Among the speakers invited to the discussion session at OFC were representatives from transmission equipment manufacturers such as ADTRAN and NOKIA, operators like NTT, the Norwegian nearshore oil communication network operator TAMPNET, as well as representatives from the FMCW LiDAR manufacturer SiLC and professors from several universities. When I entered the conference room, the person from TAMPENT was giving a presentation, so I left with an impression. However, judging from the company's website, although they also provide fiber optic networks, several of their cases are based on 4G communication. In fact, the concept of ISAC initially started from the integration of radar and communication, and it is also a key focus in the research of 6G mobile communication currently.

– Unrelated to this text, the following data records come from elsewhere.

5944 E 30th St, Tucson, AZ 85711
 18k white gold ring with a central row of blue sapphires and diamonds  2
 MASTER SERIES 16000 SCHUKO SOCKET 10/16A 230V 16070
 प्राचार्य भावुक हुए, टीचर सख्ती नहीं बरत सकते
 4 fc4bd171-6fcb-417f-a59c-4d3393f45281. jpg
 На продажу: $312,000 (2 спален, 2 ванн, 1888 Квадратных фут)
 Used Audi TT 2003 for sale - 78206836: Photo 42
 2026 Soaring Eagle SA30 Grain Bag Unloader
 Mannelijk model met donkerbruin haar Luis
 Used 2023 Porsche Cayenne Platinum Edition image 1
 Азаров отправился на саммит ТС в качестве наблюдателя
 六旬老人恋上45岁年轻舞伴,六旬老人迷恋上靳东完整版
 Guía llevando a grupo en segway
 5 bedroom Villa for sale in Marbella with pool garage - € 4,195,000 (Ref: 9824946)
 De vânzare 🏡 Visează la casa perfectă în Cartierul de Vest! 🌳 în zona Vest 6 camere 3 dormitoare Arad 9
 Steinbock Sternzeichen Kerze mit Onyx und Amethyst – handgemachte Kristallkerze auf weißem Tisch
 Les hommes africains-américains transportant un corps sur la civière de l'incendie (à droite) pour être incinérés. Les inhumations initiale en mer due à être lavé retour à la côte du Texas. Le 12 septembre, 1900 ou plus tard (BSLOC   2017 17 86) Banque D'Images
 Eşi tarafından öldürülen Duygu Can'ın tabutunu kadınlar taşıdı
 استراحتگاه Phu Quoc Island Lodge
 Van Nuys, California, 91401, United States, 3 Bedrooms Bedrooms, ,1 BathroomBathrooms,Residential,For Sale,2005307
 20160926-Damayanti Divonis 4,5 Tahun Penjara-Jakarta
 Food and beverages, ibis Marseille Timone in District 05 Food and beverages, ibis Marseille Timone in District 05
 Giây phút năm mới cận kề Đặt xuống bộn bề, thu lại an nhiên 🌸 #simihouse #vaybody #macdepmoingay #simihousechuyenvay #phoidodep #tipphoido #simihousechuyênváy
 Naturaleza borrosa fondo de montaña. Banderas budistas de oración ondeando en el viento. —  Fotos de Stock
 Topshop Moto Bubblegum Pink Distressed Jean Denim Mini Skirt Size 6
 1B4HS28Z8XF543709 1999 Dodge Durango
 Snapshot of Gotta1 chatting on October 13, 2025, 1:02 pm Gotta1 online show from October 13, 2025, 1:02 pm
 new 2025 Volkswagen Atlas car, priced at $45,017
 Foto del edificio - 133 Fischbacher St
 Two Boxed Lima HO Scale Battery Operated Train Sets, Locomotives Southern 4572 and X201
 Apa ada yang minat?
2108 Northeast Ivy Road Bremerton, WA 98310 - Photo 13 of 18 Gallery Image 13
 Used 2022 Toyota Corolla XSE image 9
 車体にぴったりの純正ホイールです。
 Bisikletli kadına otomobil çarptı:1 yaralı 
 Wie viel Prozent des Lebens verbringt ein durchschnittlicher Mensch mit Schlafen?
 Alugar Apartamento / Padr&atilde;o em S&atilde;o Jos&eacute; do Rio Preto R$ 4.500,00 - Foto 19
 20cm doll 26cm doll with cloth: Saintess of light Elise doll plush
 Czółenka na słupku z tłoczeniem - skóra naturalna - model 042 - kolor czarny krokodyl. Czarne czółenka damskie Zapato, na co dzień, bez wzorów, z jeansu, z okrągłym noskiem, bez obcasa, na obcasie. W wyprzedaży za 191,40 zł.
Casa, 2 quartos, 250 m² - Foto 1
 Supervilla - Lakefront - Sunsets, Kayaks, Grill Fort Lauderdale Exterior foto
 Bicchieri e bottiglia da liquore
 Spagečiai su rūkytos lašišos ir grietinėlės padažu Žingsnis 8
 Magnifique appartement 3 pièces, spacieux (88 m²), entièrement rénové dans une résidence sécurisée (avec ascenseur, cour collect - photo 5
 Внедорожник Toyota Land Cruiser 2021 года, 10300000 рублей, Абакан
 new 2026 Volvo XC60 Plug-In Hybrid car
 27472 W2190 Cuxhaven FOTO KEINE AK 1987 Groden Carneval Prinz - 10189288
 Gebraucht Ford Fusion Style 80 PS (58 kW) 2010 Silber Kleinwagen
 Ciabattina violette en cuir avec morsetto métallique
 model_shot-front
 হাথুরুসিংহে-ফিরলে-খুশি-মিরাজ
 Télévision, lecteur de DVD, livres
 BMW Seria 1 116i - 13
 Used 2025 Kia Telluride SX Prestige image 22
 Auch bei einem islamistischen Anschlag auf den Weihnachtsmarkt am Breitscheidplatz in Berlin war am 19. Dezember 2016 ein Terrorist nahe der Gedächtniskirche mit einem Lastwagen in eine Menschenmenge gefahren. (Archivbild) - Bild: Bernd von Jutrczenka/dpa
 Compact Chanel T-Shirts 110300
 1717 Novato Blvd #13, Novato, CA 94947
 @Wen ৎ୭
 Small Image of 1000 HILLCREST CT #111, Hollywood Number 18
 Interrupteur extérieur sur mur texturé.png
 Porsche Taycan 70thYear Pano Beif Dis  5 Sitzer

Of course, our main focus is more on the integration of fiber optic communication networks and fiber optic sensing networks. Wu Bingbing, a chief engineer at the China Academy of Information and Communications Technology, pointed out at a forum last year that fiber optic cables have both information transmission and sensing functions at the same time. The optical communication network is also the underlying carrier of computing power infrastructure. It can form an integrated and efficient optical network architecture system that enables large bandwidth and low latency communication, real-time status perception, and computing power scheduling on demand, achieving mutual enhancement through the integration of communication, sensing, and computing. This system can be applied to scenarios such as optical cable operation management, oil and gas pipeline network monitoring, power line monitoring, geological environment and fire monitoring and early warning, perimeter security, and submarine cable monitoring and early warning. The current technical challenges in the cross-integration of fiber optic sensing, communication, and computing mainly lie in areas such as ultra-long-distance sensing, solving the crosstalk between sensing and communication signals, finding suitable event pattern recognition algorithms, and networking technical solutions.
Yesterday in Taiyuan, Manager Meng from Micro-sensor Photonics told the editor that the current problem with fiber optic sensing systems is still the high cost. The cost of key components, such as tunable lasers, is too high. The ability to combine with communication networks to reduce costs and expand the user base is undoubtedly good news for the fiber optic sensing industry. The final question is still the one from that workshop at OFC:Can ISAC technologies make a transition from research to market within next 5 years?